Work to be completed
Give again, word for word, every line below from the one that has "Get up close" through the one that has "a room with", both included, and no others.

Records for this exercise

□ □ □ □ □ □ □

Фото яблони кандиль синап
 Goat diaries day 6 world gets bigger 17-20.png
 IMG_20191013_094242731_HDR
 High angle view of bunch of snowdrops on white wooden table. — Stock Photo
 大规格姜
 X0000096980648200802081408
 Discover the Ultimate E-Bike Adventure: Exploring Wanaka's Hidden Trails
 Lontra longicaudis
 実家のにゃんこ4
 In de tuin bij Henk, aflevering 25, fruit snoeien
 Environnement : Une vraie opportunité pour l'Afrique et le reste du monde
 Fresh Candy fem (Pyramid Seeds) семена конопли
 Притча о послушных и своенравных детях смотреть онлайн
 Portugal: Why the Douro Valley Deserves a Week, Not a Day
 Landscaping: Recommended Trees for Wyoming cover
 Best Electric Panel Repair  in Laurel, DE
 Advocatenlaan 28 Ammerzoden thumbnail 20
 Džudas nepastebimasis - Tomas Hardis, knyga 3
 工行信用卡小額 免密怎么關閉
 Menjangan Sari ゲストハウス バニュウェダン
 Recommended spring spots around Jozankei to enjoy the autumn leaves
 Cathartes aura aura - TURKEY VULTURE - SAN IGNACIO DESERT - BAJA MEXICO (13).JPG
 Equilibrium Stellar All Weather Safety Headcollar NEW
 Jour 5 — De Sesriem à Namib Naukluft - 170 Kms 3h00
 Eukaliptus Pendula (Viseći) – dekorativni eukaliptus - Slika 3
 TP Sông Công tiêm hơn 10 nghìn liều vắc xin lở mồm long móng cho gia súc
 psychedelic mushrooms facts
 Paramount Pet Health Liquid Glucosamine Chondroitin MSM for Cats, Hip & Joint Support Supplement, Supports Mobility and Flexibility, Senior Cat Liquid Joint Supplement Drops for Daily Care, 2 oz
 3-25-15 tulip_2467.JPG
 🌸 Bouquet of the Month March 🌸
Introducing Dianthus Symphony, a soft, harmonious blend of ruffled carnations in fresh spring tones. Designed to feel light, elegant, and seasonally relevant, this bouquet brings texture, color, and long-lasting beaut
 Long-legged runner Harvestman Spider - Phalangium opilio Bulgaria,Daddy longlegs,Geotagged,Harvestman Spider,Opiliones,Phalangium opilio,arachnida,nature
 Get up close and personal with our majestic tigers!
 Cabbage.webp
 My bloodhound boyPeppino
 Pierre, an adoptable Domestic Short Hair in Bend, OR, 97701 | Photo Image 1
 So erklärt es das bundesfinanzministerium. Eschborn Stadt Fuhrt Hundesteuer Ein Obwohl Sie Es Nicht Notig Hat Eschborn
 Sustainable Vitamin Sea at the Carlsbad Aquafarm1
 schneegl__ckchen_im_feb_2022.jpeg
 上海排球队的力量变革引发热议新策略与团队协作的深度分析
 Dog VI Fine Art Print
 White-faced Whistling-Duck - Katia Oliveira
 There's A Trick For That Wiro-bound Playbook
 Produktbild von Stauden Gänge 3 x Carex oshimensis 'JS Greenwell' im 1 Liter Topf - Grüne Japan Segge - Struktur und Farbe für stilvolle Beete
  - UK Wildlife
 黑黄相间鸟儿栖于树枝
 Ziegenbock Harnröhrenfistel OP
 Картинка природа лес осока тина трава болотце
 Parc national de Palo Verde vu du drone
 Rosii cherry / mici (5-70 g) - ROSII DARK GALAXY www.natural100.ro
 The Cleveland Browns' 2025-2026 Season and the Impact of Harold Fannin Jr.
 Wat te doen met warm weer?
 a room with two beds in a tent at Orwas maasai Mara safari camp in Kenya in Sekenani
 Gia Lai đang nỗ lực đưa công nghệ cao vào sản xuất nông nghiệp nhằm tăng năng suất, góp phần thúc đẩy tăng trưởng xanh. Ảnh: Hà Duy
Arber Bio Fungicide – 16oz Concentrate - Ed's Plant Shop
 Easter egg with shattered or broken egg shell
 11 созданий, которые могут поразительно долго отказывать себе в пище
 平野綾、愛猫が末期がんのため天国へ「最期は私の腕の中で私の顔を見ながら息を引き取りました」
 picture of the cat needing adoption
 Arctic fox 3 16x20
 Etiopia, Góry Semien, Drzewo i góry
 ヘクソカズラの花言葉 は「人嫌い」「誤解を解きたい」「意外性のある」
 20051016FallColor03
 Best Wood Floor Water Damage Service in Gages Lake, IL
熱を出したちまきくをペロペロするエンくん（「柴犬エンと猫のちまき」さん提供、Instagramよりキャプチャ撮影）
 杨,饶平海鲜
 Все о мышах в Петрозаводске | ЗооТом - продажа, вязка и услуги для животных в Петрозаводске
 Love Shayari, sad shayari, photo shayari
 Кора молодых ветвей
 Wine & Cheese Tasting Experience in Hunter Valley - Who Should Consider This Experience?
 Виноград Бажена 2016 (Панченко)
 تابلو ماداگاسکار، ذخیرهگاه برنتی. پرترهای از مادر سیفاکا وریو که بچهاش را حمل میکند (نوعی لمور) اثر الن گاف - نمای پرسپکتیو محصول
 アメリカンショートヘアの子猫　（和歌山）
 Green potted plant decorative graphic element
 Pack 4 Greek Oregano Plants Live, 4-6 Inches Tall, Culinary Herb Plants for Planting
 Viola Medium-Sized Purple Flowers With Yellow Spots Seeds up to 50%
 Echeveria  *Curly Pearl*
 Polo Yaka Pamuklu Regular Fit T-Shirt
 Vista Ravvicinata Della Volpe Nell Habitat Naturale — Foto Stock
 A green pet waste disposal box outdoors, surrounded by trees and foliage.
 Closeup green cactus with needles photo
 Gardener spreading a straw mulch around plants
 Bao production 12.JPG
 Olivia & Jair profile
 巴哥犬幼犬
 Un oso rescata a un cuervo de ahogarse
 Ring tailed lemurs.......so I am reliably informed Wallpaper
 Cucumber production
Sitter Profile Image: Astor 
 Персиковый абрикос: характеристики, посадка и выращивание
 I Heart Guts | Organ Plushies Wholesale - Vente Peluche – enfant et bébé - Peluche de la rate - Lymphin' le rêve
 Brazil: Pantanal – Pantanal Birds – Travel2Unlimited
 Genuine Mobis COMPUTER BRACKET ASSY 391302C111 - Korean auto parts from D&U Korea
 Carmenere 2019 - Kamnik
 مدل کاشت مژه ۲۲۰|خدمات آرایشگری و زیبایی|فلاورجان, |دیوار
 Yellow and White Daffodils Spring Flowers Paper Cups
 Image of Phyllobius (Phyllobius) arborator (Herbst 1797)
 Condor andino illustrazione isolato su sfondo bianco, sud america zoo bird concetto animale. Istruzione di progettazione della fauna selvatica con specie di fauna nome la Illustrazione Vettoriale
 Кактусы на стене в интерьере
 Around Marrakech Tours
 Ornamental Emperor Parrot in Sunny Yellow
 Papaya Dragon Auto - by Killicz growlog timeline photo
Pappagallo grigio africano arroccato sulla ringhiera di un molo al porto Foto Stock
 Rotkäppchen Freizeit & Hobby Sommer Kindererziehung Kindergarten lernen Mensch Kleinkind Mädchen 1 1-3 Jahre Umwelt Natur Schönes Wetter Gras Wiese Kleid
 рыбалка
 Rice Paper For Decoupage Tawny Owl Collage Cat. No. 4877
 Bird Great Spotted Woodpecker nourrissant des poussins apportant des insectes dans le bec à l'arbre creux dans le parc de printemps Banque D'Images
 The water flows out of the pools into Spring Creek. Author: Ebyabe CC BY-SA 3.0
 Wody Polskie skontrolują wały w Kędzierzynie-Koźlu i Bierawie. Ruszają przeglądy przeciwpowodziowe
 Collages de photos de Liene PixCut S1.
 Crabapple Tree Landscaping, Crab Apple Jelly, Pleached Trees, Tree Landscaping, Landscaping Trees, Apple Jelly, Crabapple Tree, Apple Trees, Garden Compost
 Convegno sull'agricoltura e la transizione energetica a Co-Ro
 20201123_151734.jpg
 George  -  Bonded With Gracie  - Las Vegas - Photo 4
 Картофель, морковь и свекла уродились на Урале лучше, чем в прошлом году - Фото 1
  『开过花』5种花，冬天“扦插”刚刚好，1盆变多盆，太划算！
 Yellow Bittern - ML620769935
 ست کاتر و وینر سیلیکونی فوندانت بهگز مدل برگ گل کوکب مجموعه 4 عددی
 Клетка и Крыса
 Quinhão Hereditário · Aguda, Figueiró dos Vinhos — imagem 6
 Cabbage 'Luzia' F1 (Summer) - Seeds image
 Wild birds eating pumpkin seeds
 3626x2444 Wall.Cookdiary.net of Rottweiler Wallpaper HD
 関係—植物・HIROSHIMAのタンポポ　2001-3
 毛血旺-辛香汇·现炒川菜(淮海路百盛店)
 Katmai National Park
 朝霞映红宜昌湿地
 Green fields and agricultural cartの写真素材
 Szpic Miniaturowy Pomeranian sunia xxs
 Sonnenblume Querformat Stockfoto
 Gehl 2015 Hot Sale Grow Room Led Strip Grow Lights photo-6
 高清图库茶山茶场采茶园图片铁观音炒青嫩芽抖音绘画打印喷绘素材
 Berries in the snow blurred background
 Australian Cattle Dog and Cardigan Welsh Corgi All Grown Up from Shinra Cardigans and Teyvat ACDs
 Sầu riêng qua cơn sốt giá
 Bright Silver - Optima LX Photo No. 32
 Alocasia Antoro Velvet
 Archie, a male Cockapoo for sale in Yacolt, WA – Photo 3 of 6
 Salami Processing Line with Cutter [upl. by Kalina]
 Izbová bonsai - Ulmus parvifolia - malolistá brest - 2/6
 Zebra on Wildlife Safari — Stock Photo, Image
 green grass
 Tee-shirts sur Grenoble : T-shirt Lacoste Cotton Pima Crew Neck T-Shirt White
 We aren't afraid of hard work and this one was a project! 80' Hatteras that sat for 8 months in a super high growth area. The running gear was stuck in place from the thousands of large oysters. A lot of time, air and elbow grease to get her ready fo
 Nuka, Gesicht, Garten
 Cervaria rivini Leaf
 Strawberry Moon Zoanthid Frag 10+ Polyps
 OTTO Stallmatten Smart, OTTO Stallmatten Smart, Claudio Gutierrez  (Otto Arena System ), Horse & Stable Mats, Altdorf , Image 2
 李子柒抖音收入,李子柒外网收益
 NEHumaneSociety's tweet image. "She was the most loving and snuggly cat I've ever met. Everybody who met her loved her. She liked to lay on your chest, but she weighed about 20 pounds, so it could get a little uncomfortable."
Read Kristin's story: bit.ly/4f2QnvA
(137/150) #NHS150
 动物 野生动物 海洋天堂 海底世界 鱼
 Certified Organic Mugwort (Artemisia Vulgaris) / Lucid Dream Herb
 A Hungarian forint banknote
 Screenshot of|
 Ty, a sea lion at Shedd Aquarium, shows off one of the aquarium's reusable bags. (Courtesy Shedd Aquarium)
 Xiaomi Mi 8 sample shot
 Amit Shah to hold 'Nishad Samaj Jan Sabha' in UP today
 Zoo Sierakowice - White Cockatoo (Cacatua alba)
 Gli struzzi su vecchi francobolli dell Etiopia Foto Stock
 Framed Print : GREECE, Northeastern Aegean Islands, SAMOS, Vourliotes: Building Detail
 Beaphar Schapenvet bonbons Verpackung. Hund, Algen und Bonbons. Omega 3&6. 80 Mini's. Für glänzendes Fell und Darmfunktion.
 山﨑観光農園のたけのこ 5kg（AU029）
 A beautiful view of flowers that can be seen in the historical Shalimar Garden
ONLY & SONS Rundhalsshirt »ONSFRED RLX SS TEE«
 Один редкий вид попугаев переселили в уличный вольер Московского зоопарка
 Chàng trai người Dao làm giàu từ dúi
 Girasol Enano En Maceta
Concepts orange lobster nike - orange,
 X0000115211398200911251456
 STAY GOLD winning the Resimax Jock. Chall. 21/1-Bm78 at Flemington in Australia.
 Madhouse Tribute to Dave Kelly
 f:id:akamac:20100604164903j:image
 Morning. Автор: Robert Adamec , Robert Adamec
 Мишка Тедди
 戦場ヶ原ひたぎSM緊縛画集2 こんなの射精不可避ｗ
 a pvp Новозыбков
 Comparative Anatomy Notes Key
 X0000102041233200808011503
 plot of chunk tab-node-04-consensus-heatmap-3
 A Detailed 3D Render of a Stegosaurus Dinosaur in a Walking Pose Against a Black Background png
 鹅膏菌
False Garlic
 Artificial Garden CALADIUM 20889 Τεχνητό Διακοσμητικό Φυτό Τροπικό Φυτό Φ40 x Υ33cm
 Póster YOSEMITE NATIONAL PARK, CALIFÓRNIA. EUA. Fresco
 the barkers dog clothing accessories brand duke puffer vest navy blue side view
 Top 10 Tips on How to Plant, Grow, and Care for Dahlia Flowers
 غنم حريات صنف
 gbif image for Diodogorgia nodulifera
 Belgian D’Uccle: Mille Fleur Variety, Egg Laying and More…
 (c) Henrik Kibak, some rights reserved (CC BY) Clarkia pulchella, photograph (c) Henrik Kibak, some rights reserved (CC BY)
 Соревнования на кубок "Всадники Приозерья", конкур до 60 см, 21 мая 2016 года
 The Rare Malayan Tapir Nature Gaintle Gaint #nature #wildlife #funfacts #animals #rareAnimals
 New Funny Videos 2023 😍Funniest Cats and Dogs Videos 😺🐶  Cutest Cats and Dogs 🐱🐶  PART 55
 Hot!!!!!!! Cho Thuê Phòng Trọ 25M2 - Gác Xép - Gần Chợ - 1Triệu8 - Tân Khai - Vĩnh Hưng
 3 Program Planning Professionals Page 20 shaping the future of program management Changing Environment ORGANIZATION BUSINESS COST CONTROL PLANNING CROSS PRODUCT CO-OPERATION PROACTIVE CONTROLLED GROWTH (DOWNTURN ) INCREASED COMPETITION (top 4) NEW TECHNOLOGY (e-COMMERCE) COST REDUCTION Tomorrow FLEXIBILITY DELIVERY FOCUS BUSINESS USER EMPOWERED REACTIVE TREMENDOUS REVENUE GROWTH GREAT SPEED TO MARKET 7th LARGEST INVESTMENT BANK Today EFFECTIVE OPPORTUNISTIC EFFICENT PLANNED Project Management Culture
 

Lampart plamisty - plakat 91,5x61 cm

□ □ □ □ □ □ □

Exercise response
 Get up close and personal with our majestic tigers!
 Cabbage.webp
 My bloodhound boyPeppino
 Pierre, an adoptable Domestic Short Hair in Bend, OR, 97701 | Photo Image 1
 So erklärt es das bundesfinanzministerium. Eschborn Stadt Fuhrt Hundesteuer Ein Obwohl Sie Es Nicht Notig Hat Eschborn
 Sustainable Vitamin Sea at the Carlsbad Aquafarm1
 schneegl__ckchen_im_feb_2022.jpeg
 上海排球队的力量变革引发热议新策略与团队协作的深度分析
 Dog VI Fine Art Print
 White-faced Whistling-Duck - Katia Oliveira
 There's A Trick For That Wiro-bound Playbook
 Produktbild von Stauden Gänge 3 x Carex oshimensis 'JS Greenwell' im 1 Liter Topf - Grüne Japan Segge - Struktur und Farbe für stilvolle Beete
  - UK Wildlife
 黑黄相间鸟儿栖于树枝
 Ziegenbock Harnröhrenfistel OP
 Картинка природа лес осока тина трава болотце
 Parc national de Palo Verde vu du drone
 Rosii cherry / mici (5-70 g) - ROSII DARK GALAXY www.natural100.ro
 The Cleveland Browns' 2025-2026 Season and the Impact of Harold Fannin Jr.
 Wat te doen met warm weer?
 a room with two beds in a tent at Orwas maasai Mara safari camp in Kenya in Sekenani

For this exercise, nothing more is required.